# Provided data
╭──
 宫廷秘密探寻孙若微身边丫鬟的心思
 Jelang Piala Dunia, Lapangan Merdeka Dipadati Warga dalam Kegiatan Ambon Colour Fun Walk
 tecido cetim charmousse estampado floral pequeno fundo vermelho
╰──
╭──
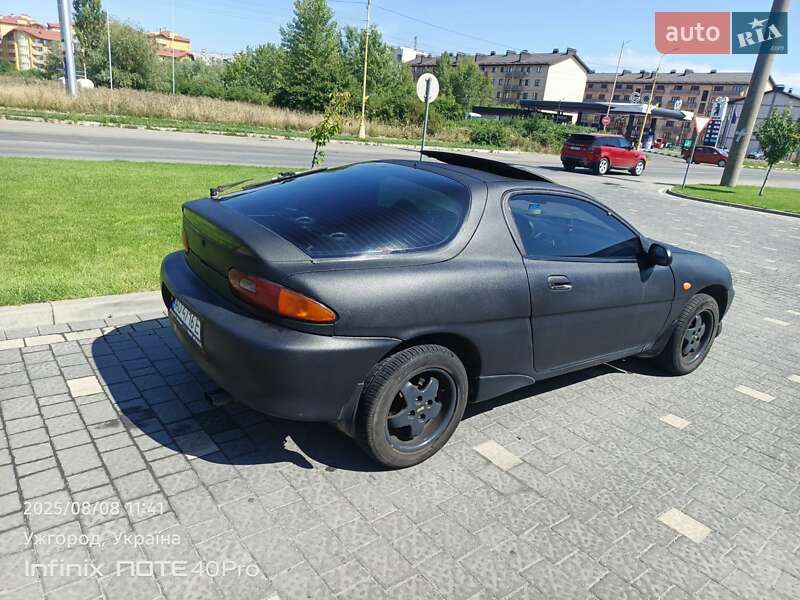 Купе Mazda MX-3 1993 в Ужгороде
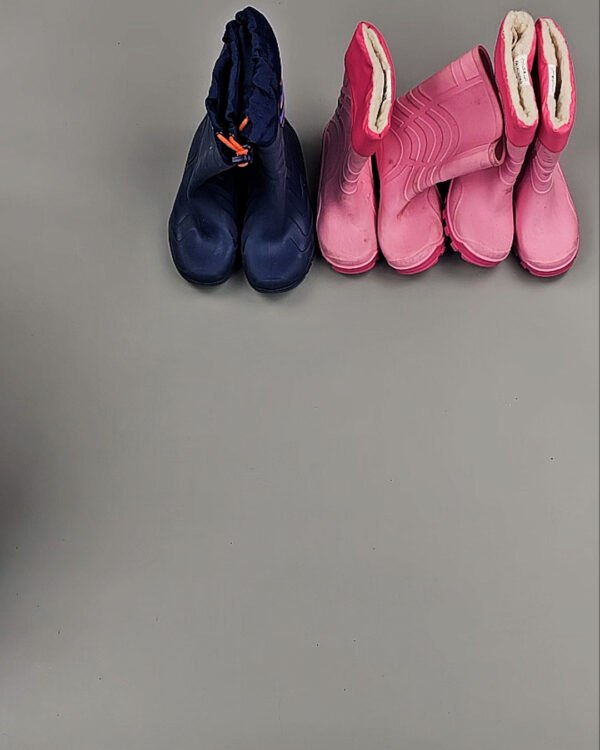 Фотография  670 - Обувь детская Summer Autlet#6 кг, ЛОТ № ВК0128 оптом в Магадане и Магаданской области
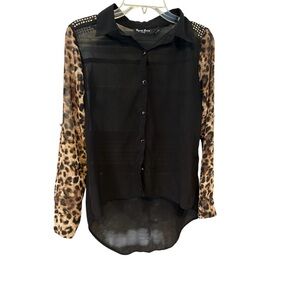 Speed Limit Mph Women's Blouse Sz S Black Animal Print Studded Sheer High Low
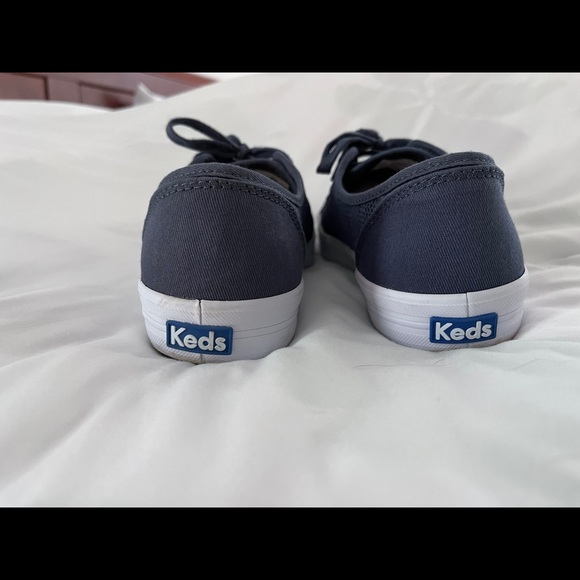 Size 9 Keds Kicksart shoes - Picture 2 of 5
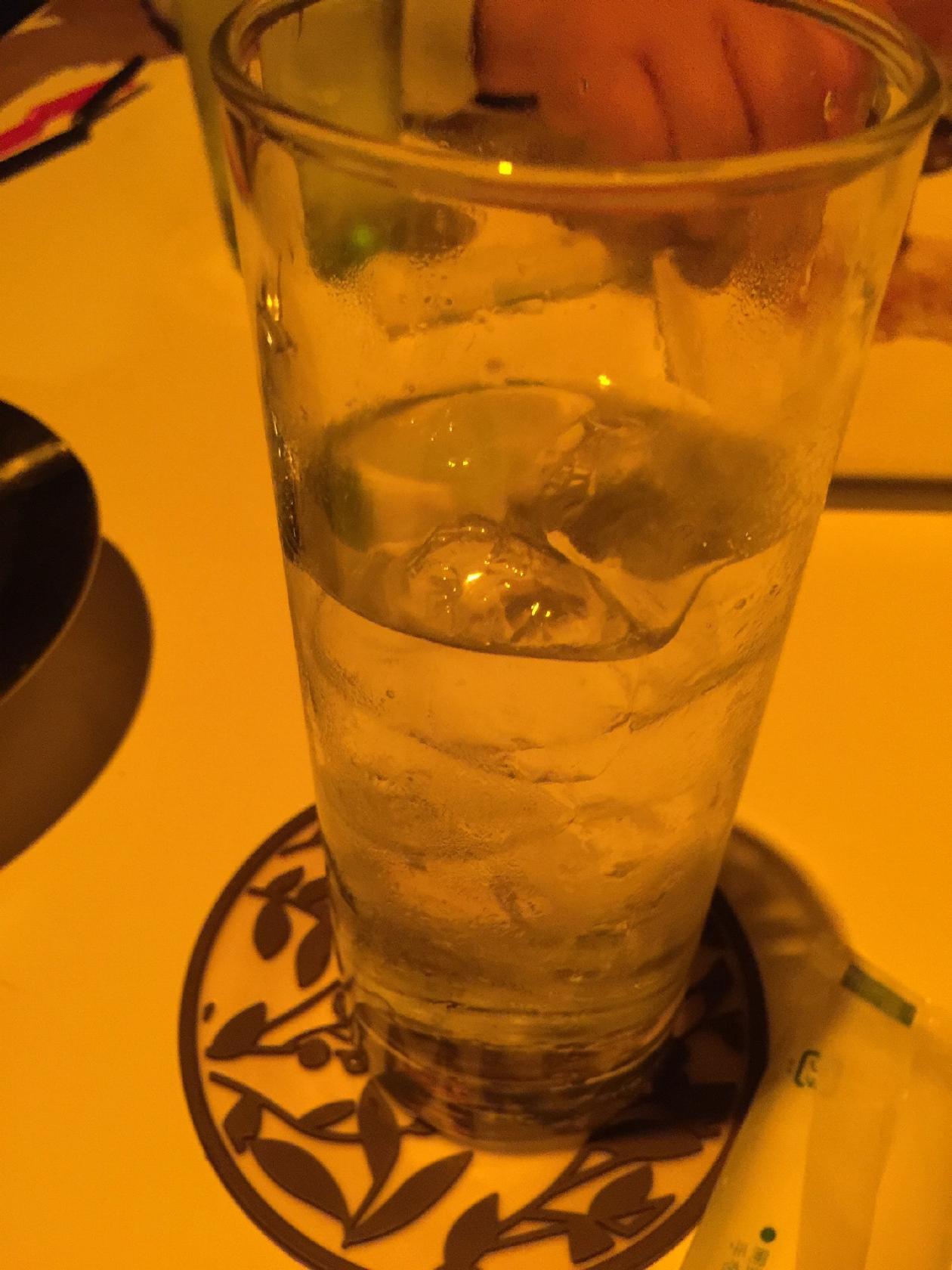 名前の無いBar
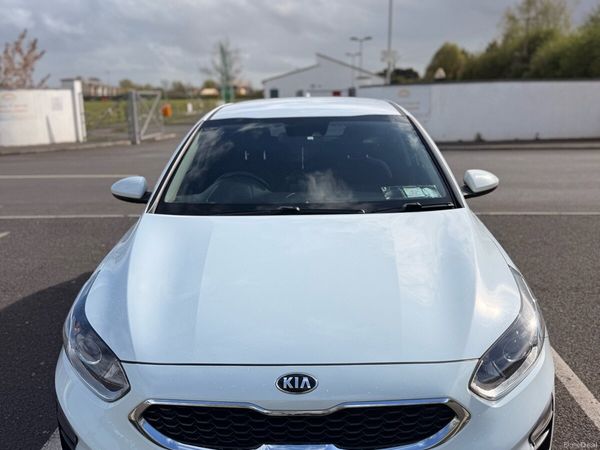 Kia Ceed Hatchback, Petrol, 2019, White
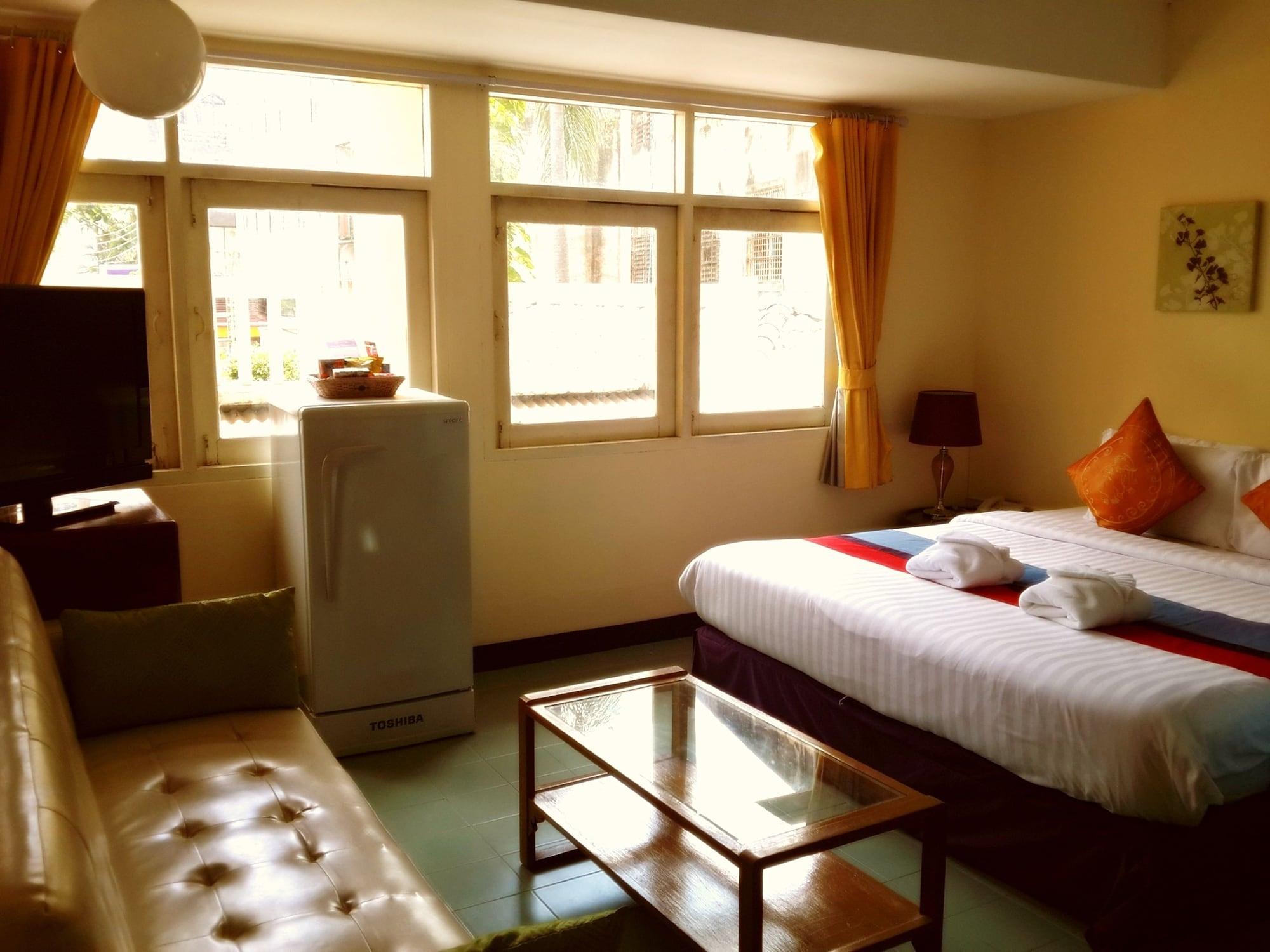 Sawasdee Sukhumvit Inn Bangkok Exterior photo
╰──
# Work request
Taking the entries above, write out exactly the lines starting with the line containing "宫廷秘密探寻孙若微身边丫鬟的心思" and going on through the line containing "tecido cetim charmousse", both included, and nothing else.

# Response box
 宫廷秘密探寻孙若微身边丫鬟的心思
 Jelang Piala Dunia, Lapangan Merdeka Dipadati Warga dalam Kegiatan Ambon Colour Fun Walk
 tecido cetim charmousse estampado floral pequeno fundo vermelho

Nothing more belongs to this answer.